What is being asked: Show every line in the records below that contains the word "with".

(Beginning of Material to process)

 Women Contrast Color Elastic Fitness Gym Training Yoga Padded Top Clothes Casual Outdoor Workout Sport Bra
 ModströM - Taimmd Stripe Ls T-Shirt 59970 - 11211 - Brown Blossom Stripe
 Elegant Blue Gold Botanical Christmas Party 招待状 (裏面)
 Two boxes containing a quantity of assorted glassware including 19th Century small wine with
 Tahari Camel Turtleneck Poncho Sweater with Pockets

(End of Material to process)
(Beginning of Material to process)

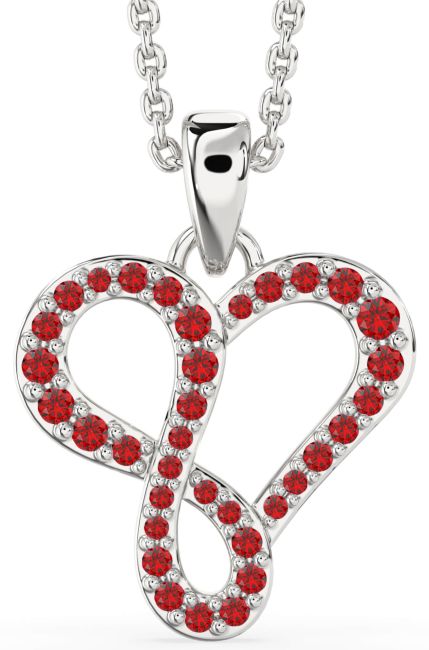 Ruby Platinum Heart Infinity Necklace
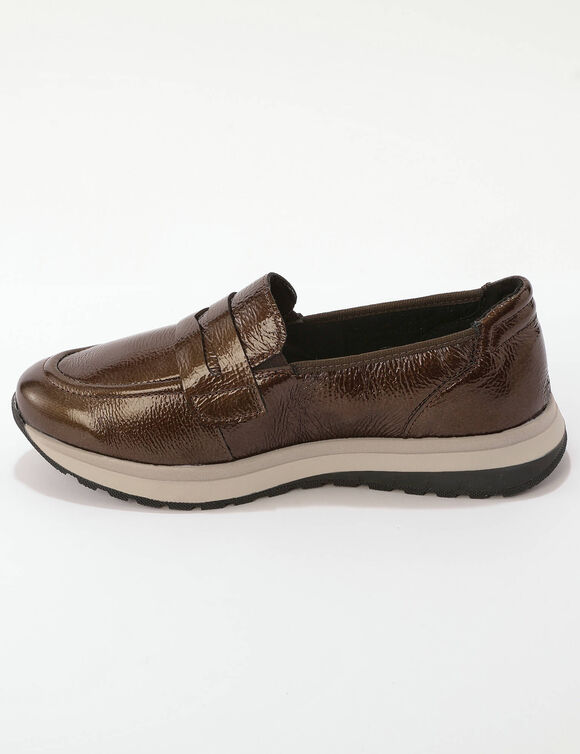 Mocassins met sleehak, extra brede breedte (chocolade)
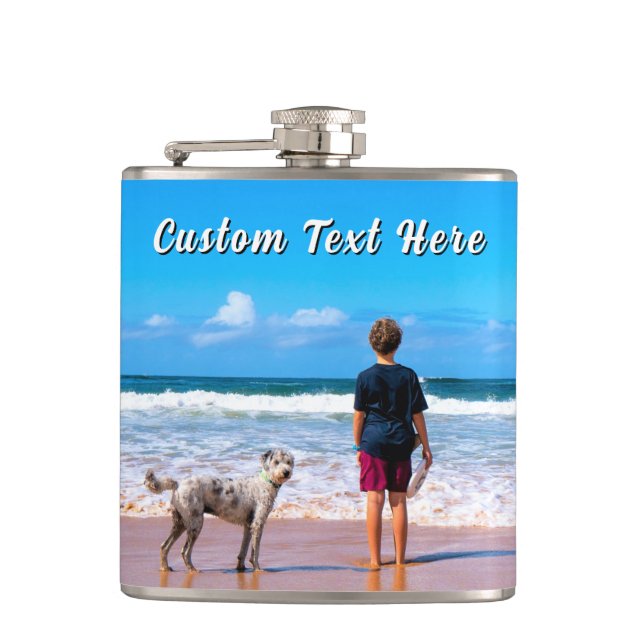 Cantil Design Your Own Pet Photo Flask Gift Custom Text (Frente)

(End of Material to process)
(Beginning of Material to process)

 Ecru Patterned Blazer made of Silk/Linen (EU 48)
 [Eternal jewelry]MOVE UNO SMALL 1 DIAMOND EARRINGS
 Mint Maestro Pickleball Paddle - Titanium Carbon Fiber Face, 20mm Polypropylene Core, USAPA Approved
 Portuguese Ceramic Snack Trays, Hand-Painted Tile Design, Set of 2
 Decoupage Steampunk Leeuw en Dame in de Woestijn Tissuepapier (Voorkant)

(End of Material to process)

Answer to this exercise:
 Two boxes containing a quantity of assorted glassware including 19th Century small wine with
 Tahari Camel Turtleneck Poncho Sweater with Pockets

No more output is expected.